- [SOURCE DATA]:

========================================================================

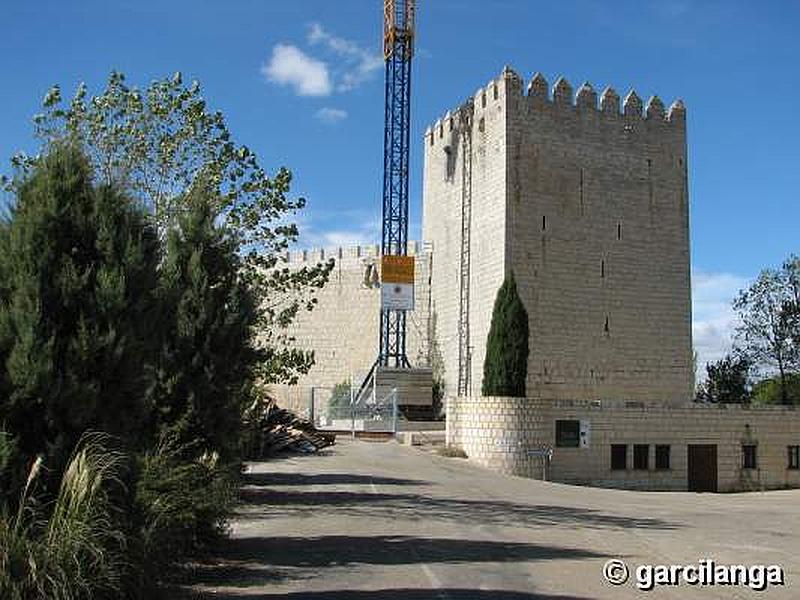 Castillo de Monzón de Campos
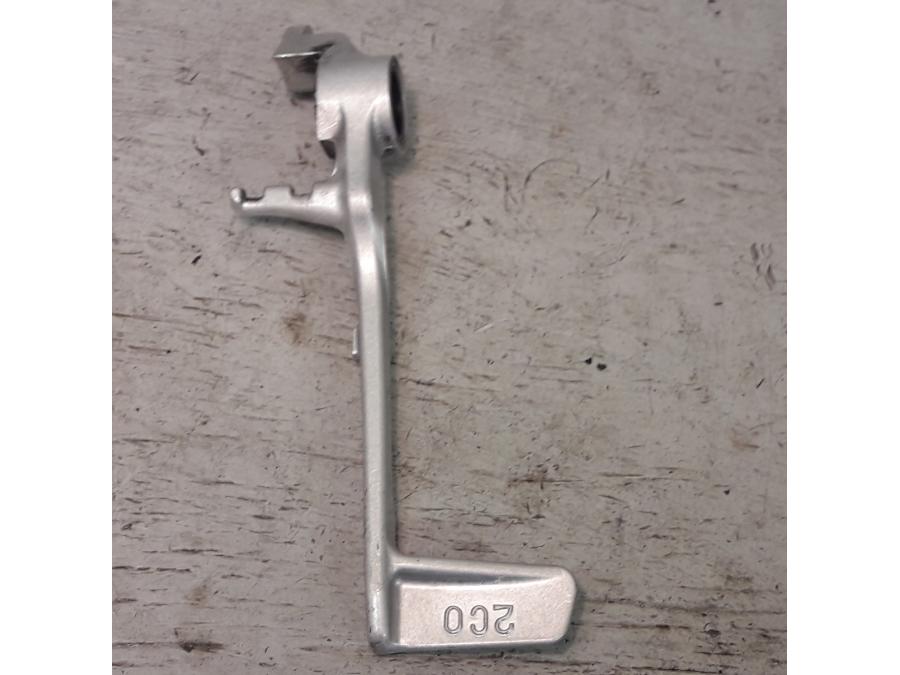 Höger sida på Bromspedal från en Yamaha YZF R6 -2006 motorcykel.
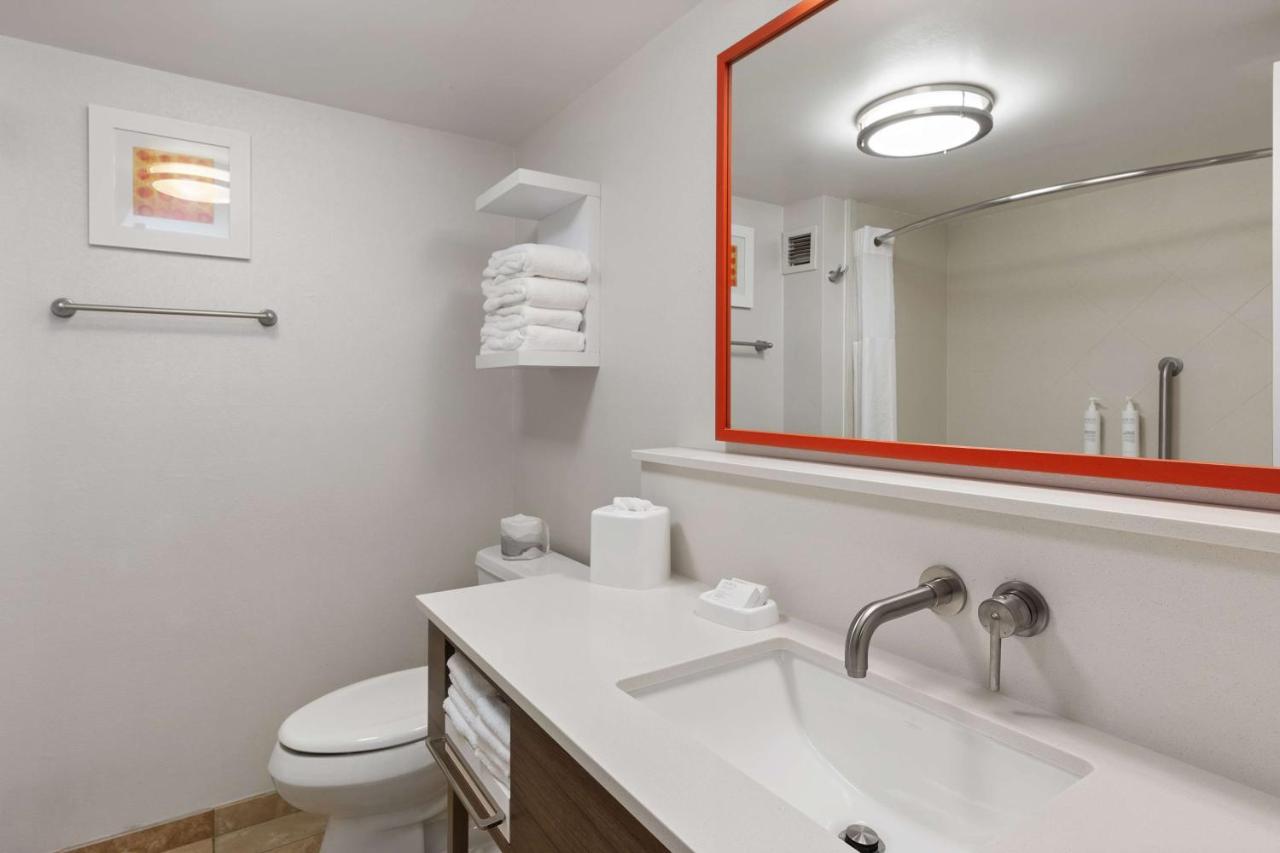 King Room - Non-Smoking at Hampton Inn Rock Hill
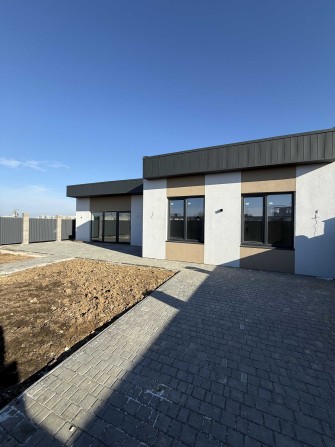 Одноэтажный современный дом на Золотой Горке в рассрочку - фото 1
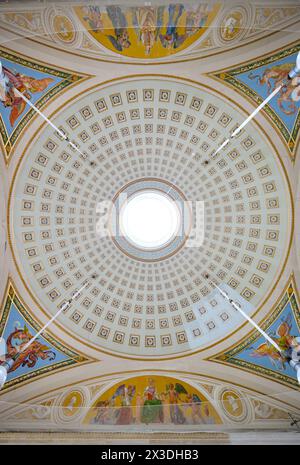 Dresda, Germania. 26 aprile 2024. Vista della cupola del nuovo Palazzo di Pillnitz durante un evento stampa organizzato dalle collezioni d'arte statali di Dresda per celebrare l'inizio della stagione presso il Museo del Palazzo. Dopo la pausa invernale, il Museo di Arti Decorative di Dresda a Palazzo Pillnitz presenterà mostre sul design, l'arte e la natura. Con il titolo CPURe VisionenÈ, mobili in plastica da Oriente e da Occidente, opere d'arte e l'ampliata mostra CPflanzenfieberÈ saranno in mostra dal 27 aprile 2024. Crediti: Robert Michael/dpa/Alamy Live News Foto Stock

========================================================================

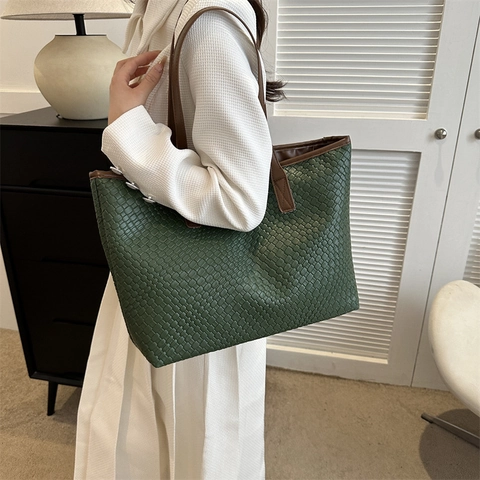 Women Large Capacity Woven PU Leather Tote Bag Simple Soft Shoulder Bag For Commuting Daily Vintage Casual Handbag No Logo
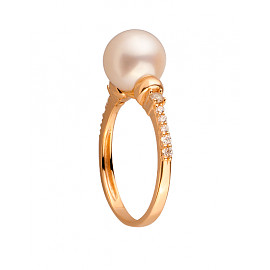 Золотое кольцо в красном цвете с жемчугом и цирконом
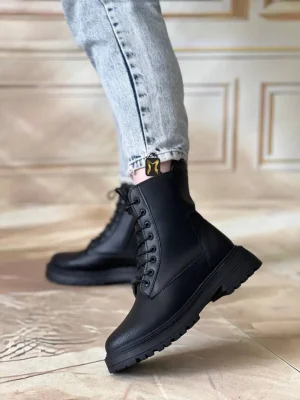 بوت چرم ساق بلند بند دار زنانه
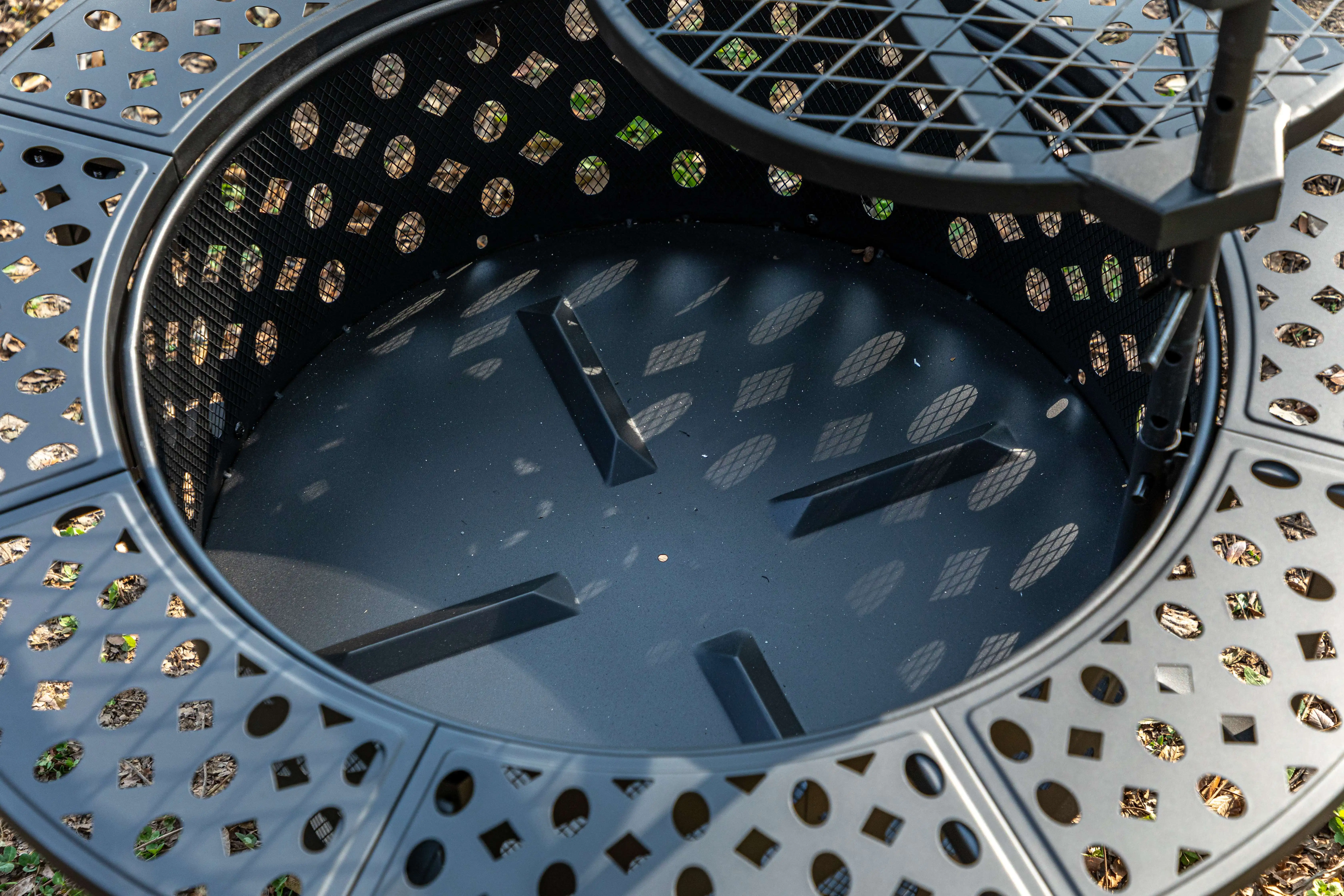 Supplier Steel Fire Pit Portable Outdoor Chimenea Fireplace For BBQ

========================================================================

- [AIM OF THE EXERCISE]: Everything from the line with "بوت چرم ساق بلند بند دار زنانه" through the line with "Supplier Steel Fire" in the material above should be transcribed exactly, except the pictures.

- [PROBLEM SOLUTION]:
 بوت چرم ساق بلند بند دار زنانه
 Supplier Steel Fire Pit Portable Outdoor Chimenea Fireplace For BBQ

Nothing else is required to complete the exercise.